As dusk settles over the forest canopy, a pride of lions strolls purposefully past our open jeep, almost within touching distance. Their spellbinding amber eyes don't give us so much as a sideways glance; these lions are on a mission, their pupils fixed on the dirt track ahead. Only an hour or two earlier we saw three of these big cats lounging on a steep brown ridge, nuzzling and licking one another sleepily between obligatory surveys of the valley below.
Now it's near dinner time, and rather than taking the slower route through thick grasses to reach a herd of tasty wildebeest over the hill, these kings of the jungle are sensibly following this route considerately carved out by humans. I'm hoping for a deep, powerful roar – the ultimate symbol of Africa – but instead I'm greeted with the familiar baritone of a biped.
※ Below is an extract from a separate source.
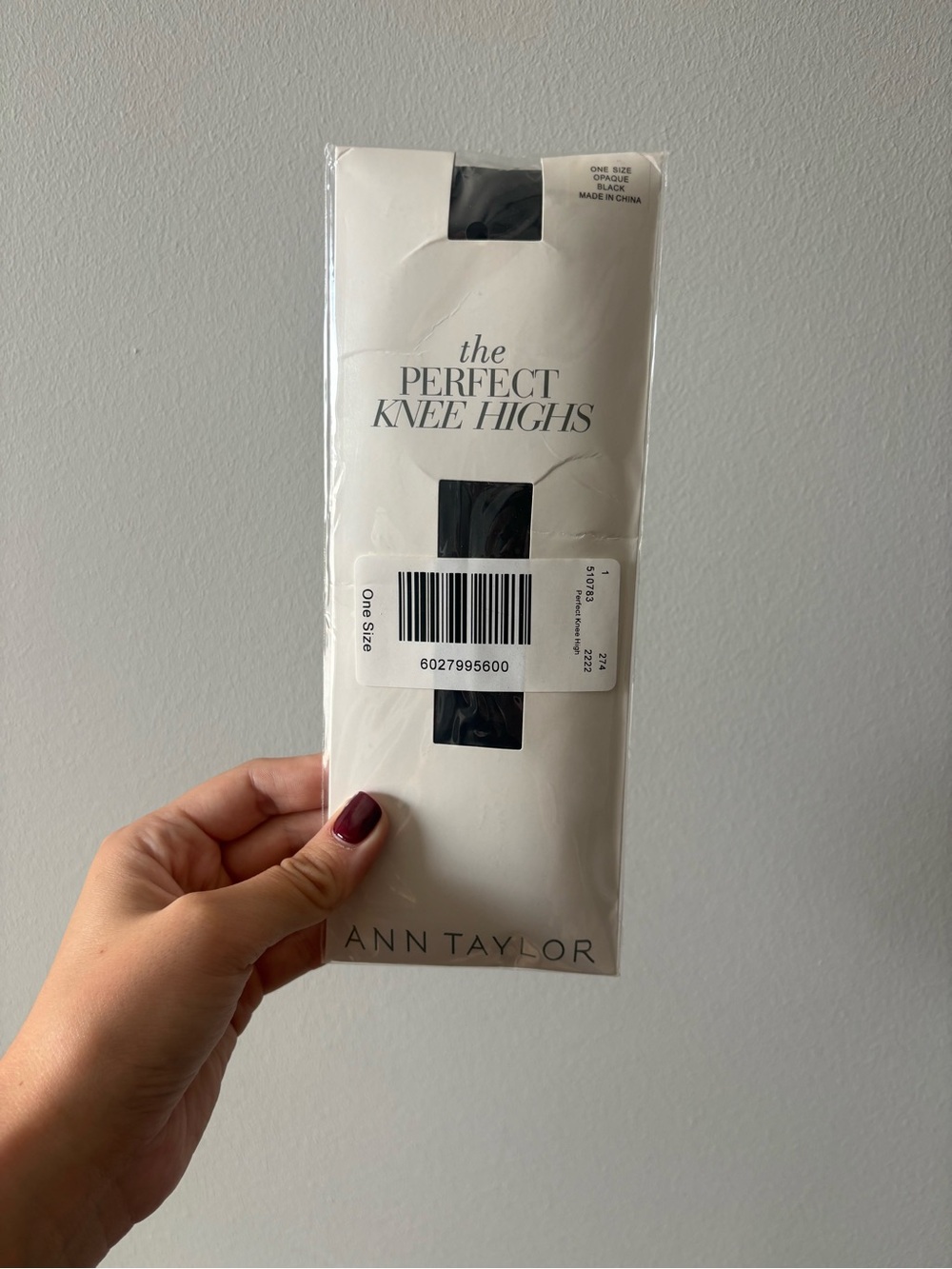 Ann Taylor The Perfect Knee Highs (x2) - Black and Sheer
"Let's risk it for the biscuit," our tanned, 20-something guide Nikki Muller enthuses, as he steps on the gas and we hurtle deeper into the wilderness, dodging low-hanging branches, hoping to catch a glimpse of one of the lions pouncing on its prey. But alas, the wary wildebeest have beaten a hasty retreat. No matter, Muller, who has an impressive knack of keeping one eye on the road ahead while swinging his head around to highlight points of interest along the way, has received word from a colleague via walkie-talkie that there is another, far more elusive big cat lurking nearby: the world's fastest land animal, the cheetah. Within minutes we're mesmerised by the sight of this sleek, slinky killer cat, lying motionless in a field of gold-white grass, but with no obvious prey on the horizon.
This wildlife game reserve, &Beyond Phinda, located in the northern part of South Africa, close to the Indian Ocean, has hosted the most successful reintroduction of cheetah anywhere on the continent, vital at a time when these cats have been driven out of 90 per cent of their historic range because of human encroachment.
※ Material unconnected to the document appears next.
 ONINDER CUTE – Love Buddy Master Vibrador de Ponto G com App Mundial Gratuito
Phinda's seven distinct habitats host some of the best cheetah sightings in the world.
On our drive back to the lodge in the fading light, we pass a family of impala, happily munching on grass together like a scene from Disney, spotted straightaway by Muller. But it's his encyclopaedic knowledge of South African birdlife that truly impresses; he can spot one of Phinda's star birds, and within a heartbeat quote the page number in which it appears in the bird book he's helpfully circulated among his passengers. "Emerald spotted dove!" he sings out, and suddenly we're all scanning the trees in a where? where? frenzy, searching for said bird, one of 80 different species in the reserve. "Erch, I miss the dove," a German visitor sitting beside me declares disappointedly. "Page 28," Muller obligingly offers.
This is my first wildlife safari, and my first visit to Africa. Initially, I struggle to pinpoint exactly why the sight of such magnificent creatures roaming across their natural domain has such a profound impact on me. Is it the childlike wonder of seeing them in their millennia-old home, a vast landscape bearing no resemblance to the hotel rooms (zoos) us big-brained humans have been housing them in over the past 200 years? Or is it something more primal, lying in the ancient soils of Africa itself, which gave birth to its iconic flat-topped acacias and savannah, its flamboyant bird life, its fantastical mega-mammals? For this is the Book of Genesis writ large, echoing a primordial time when the first humans walked the earth, when we were just another animal struggling to survive.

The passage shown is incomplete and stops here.